• Records for this task:
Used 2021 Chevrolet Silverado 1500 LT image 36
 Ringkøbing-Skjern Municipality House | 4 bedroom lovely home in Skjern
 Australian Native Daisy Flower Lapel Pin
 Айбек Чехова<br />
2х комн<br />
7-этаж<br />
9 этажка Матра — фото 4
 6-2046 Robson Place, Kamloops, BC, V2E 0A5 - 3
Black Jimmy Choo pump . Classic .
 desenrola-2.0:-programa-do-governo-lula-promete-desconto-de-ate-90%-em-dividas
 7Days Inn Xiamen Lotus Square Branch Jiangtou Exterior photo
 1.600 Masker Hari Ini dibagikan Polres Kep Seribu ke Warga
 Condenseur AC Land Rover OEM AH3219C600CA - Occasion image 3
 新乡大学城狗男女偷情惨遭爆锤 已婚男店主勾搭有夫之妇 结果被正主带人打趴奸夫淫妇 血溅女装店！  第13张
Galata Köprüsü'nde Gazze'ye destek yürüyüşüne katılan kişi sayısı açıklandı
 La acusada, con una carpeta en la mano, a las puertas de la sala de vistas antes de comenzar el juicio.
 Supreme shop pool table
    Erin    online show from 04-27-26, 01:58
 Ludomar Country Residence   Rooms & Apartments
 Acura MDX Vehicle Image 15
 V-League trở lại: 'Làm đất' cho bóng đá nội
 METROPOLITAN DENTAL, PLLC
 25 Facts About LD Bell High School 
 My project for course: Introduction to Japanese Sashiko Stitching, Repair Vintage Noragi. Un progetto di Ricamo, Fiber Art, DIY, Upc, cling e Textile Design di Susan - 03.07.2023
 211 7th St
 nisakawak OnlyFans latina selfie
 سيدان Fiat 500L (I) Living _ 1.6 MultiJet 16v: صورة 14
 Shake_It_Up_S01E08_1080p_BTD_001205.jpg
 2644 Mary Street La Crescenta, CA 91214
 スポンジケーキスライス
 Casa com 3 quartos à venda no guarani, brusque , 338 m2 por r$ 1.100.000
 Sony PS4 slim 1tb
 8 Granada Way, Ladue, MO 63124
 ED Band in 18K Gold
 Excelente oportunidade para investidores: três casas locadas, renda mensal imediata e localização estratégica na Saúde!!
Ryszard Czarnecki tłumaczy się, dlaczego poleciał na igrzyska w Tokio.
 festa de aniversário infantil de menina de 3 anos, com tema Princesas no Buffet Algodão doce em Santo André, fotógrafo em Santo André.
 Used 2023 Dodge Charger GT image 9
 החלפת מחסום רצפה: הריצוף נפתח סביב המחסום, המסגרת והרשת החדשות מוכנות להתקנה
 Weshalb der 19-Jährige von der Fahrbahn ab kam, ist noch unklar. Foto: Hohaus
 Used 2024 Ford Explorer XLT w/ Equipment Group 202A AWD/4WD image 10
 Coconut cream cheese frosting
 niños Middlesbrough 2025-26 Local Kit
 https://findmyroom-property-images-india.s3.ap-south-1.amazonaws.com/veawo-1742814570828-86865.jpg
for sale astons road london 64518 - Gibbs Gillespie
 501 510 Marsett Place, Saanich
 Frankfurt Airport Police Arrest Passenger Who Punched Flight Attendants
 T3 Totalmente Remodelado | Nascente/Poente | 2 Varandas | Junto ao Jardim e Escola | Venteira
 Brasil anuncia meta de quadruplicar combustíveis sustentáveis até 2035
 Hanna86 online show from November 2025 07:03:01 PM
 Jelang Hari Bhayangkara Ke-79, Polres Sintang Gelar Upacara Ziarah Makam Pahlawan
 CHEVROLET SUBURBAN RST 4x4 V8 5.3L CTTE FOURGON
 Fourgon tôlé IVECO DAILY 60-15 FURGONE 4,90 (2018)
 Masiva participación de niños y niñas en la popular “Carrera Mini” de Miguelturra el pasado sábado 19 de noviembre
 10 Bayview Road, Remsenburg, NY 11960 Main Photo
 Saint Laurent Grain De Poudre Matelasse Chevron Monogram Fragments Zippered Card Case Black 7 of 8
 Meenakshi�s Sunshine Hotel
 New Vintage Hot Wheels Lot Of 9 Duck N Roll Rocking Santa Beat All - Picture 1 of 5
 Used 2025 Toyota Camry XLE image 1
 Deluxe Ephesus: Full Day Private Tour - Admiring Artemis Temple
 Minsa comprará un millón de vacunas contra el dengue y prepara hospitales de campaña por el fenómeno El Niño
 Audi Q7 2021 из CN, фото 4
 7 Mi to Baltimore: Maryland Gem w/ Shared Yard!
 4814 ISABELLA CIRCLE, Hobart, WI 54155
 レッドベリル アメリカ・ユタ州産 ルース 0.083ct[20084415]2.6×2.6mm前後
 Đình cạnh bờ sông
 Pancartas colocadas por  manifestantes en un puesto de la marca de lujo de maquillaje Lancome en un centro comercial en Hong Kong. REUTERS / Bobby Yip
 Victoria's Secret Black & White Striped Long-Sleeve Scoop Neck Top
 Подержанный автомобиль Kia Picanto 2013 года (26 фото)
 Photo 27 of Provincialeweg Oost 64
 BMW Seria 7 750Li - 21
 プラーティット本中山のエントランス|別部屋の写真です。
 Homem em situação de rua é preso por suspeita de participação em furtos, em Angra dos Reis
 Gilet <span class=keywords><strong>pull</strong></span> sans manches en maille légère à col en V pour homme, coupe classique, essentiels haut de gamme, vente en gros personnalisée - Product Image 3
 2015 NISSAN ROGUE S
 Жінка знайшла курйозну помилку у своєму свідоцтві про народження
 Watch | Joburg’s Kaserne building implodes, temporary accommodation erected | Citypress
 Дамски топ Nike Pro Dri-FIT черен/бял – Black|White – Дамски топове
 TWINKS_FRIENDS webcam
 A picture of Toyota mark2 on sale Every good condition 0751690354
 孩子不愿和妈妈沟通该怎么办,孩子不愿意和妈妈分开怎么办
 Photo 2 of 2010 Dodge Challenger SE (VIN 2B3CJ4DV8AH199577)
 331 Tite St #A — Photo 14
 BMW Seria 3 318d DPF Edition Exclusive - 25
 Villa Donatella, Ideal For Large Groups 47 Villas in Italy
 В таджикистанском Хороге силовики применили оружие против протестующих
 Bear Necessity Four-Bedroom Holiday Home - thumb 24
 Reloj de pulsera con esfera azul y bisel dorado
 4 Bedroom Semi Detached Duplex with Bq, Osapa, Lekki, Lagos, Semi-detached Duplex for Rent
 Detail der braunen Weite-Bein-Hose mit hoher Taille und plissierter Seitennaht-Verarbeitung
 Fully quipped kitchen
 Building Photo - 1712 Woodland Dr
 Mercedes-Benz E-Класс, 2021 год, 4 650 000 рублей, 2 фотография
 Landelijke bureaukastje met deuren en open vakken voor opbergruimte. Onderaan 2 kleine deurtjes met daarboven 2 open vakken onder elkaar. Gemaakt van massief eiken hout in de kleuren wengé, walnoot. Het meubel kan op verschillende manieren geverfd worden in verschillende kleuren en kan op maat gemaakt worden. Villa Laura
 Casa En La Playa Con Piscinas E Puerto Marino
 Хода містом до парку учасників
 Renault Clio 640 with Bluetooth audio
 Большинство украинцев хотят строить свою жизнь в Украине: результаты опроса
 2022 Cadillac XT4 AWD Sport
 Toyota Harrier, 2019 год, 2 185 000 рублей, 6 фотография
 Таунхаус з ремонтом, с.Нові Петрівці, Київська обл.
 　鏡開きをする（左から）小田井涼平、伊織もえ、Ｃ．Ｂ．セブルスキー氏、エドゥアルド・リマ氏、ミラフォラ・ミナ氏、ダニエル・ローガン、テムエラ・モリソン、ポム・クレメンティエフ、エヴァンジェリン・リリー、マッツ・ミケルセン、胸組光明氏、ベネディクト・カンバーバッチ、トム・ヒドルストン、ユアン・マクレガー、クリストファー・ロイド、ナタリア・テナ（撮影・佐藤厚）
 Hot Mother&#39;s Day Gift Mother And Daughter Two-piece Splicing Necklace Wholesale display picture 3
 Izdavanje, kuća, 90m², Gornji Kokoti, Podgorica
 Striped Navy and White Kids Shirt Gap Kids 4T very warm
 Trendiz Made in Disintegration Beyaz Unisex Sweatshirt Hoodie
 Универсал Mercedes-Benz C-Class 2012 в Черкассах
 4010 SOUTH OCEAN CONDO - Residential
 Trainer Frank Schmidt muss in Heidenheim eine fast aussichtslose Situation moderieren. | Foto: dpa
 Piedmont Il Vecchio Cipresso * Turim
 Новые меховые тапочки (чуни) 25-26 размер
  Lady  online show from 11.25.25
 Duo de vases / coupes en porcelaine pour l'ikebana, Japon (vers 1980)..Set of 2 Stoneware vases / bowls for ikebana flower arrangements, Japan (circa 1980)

• What this task involves: Pick every line of the data that includes the string "online".

• Exercise response:
    Erin    online show from 04-27-26, 01:58
 Hanna86 online show from November 2025 07:03:01 PM
  Lady  online show from 11.25.25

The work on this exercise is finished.